▸ **Task statement**
Repeat every line of the data exactly; the pictures stay out.

Short web captions
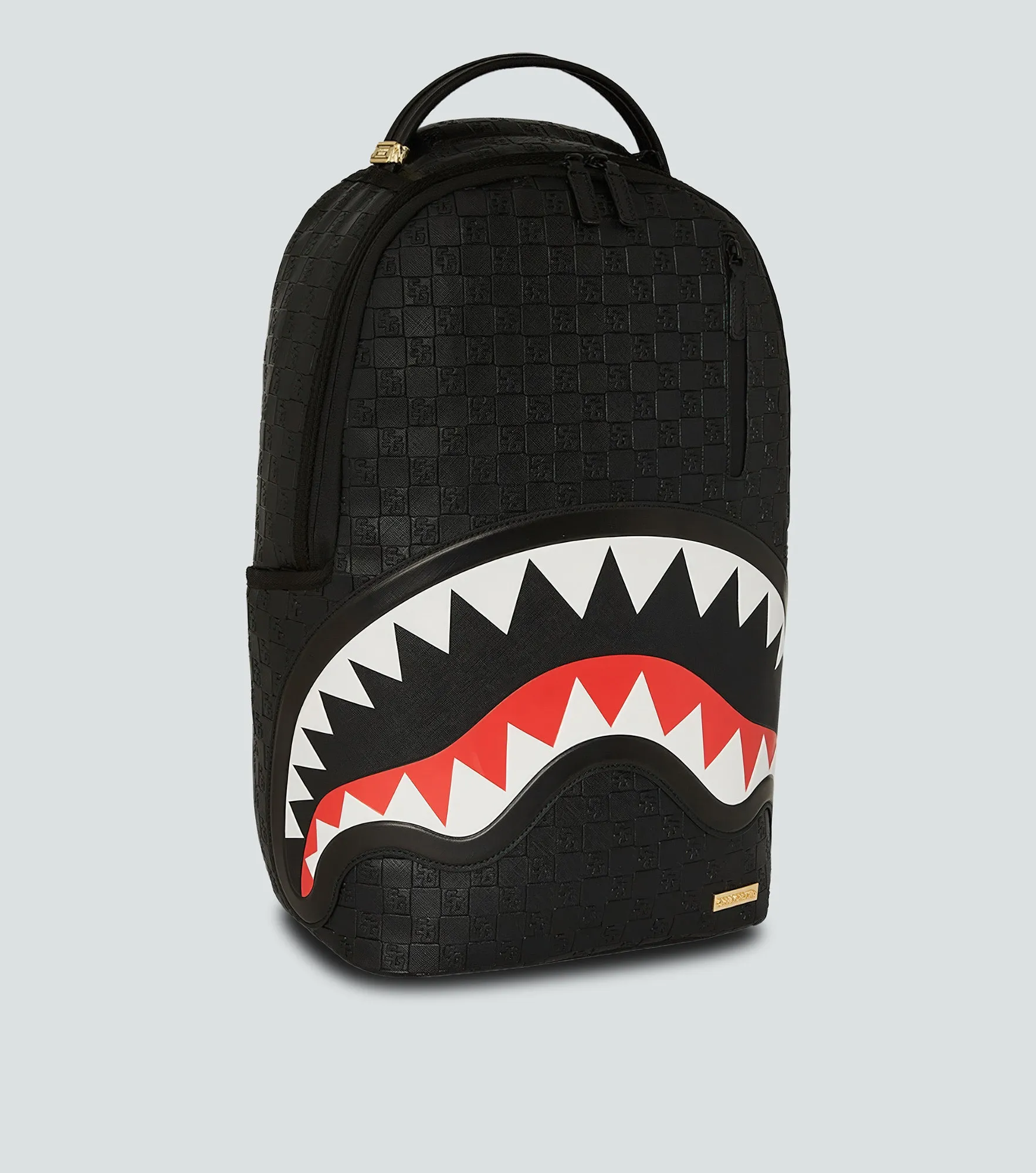 Morral Sprayground Dlxsv Black Out Sharks In Paris 131818 
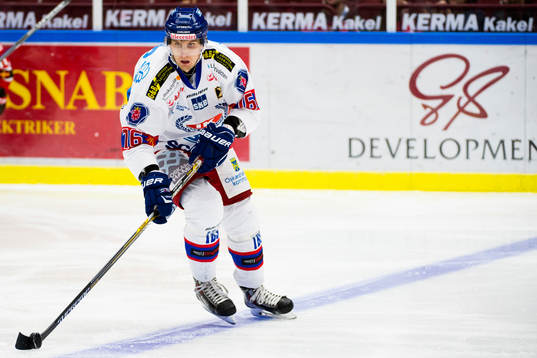 Oskarshamns Arsi Piispanen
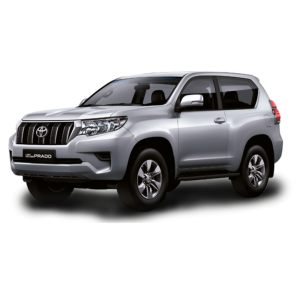 TOYOTA J18 SERIES 2019-Present 37-GDJ-180/185 KDSS Piastra paramotore anteriore per paraurti ACAYX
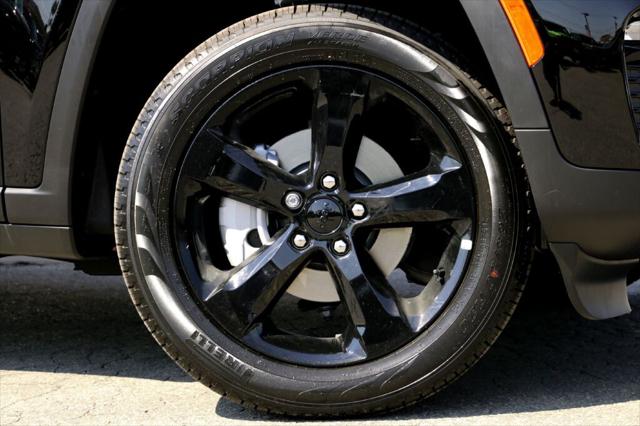 2025 Jeep Grand Cherokee GRAND CHEROKEE LIMITED 4X2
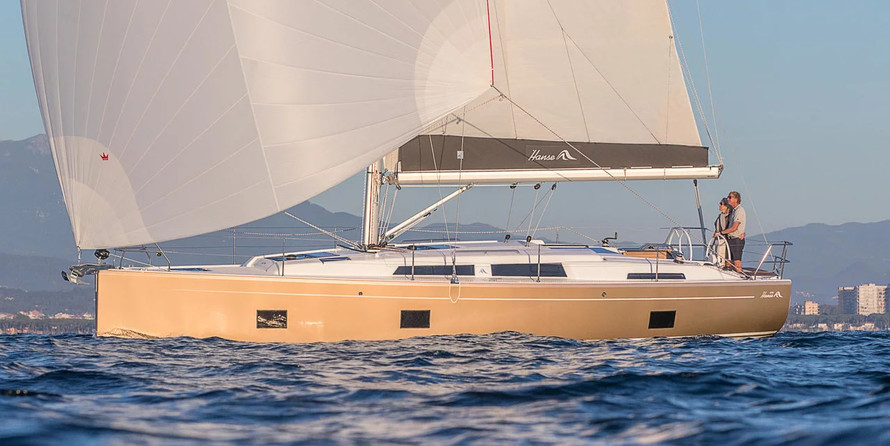 Hanse 418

▸ **Solution to the problem**
 Morral Sprayground Dlxsv Black Out Sharks In Paris 131818 
 Oskarshamns Arsi Piispanen
 TOYOTA J18 SERIES 2019-Present 37-GDJ-180/185 KDSS Piastra paramotore anteriore per paraurti ACAYX
 2025 Jeep Grand Cherokee GRAND CHEROKEE LIMITED 4X2
 Hanse 418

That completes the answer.